• What is being asked
What is needed is an exact copy of the lines from the one containing "SHANGHAI, GUANGDONG, CHINA" through the last line of the records, with no pictures.

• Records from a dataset
* * *

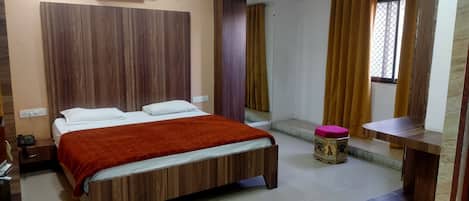 A modern hotel room with a wooden bed, an air conditioning unit, a small table, and a window with curtains.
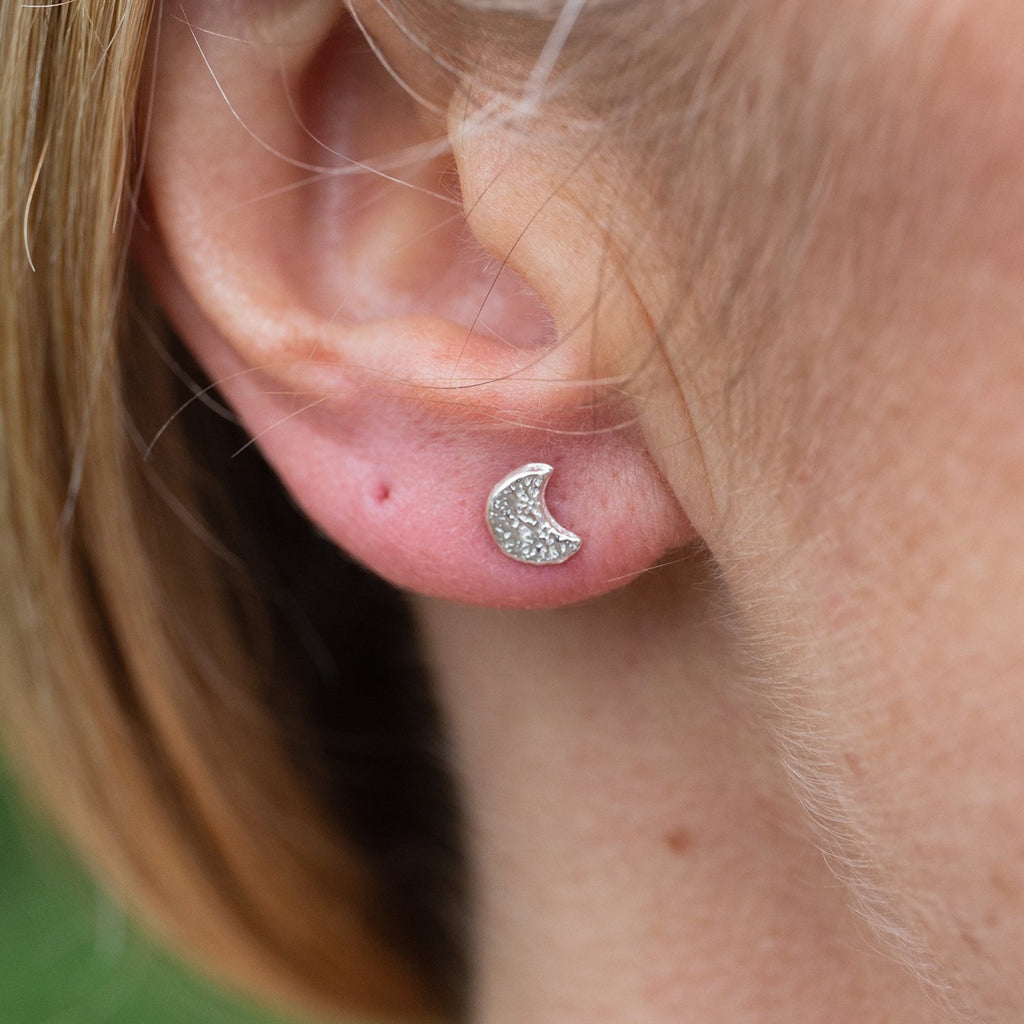 Sterling silver textured mini moon studs worn, handmade by Lucy Kemp Jewellery 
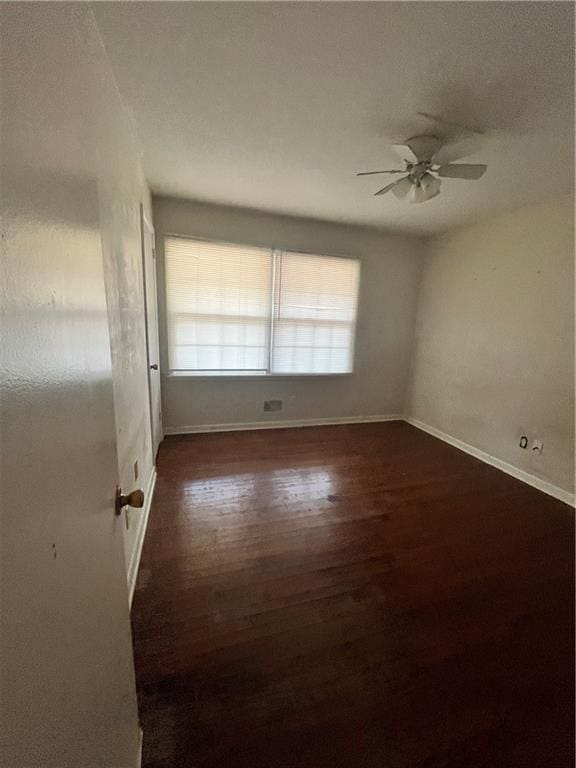 empty room with dark wood finished floors, a ceiling fan, and baseboards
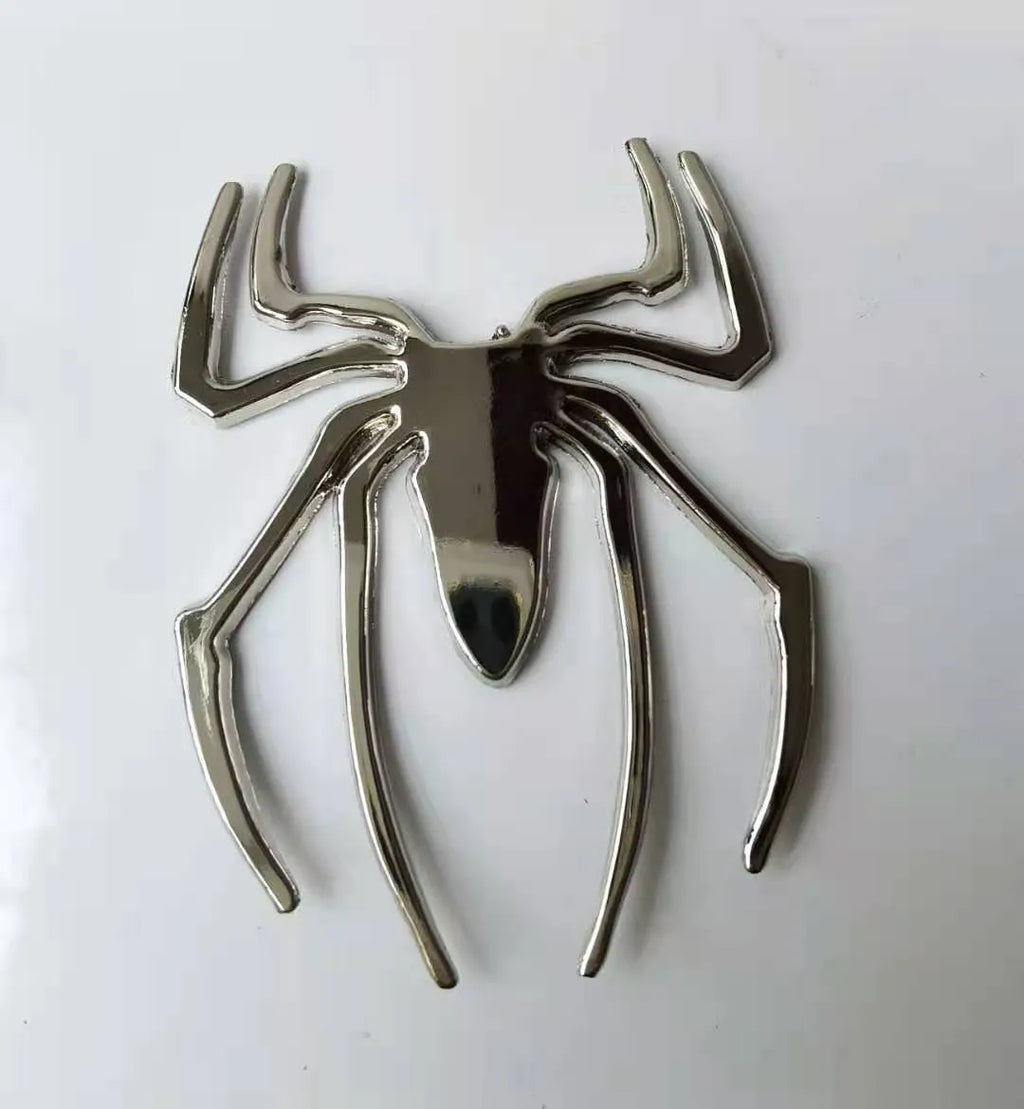 Zinc alloy 3D metal spider car sticker in gold, silver, black, and red colours.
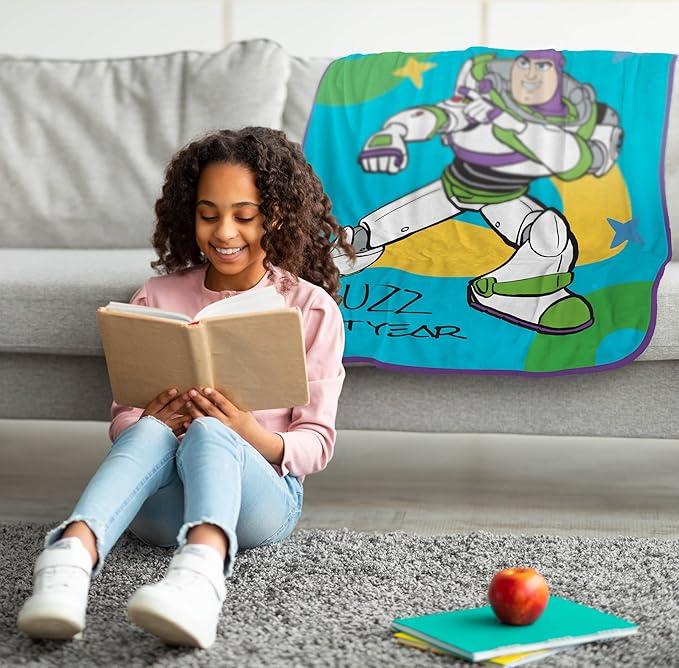 Jay Franco Plush Throw Blanket – 46" x 60" Inch Kids Soft & Cozy Fleece Throw for Bedroom & Couch Décor, Official Licensed Product, Blue - Toy Story Buzz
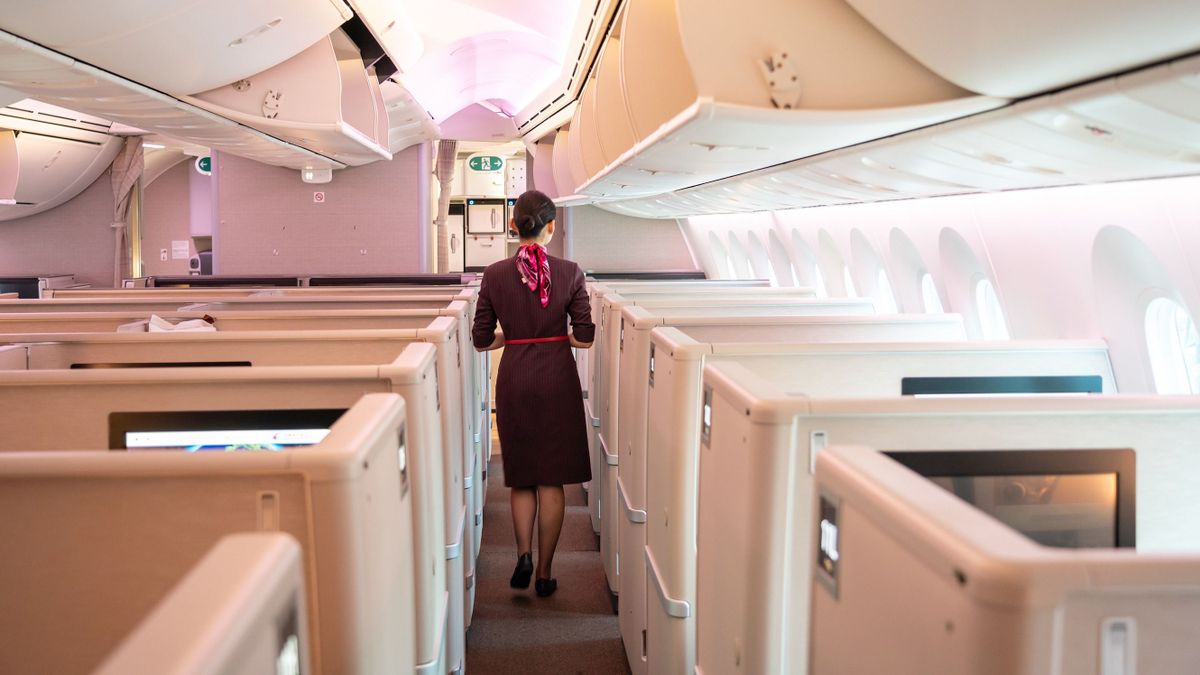 SHANGHAI, GUANGDONG, CHINA - 2019/10/03: Flight attendant walks in a business cabin of a Shanghai airlines Boeing 787-9 Dreamliner at the Shanghai Hongqiao International Airport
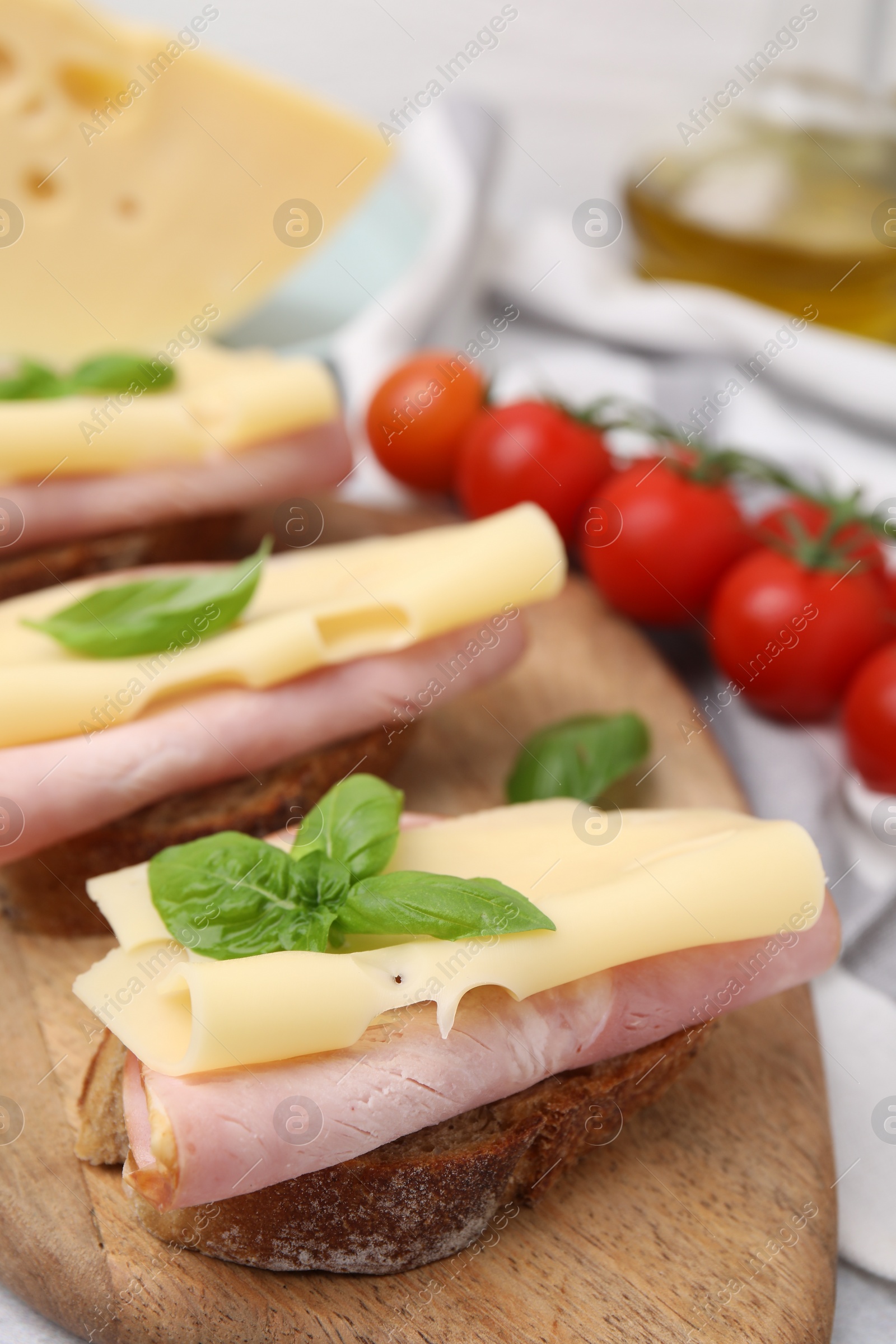Photo of Delicious sandwiches with ham and cheese on wooden board, closeup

* * *

• Exercise solution
 SHANGHAI, GUANGDONG, CHINA - 2019/10/03: Flight attendant walks in a business cabin of a Shanghai airlines Boeing 787-9 Dreamliner at the Shanghai Hongqiao International Airport
Photo of Delicious sandwiches with ham and cheese on wooden board, closeup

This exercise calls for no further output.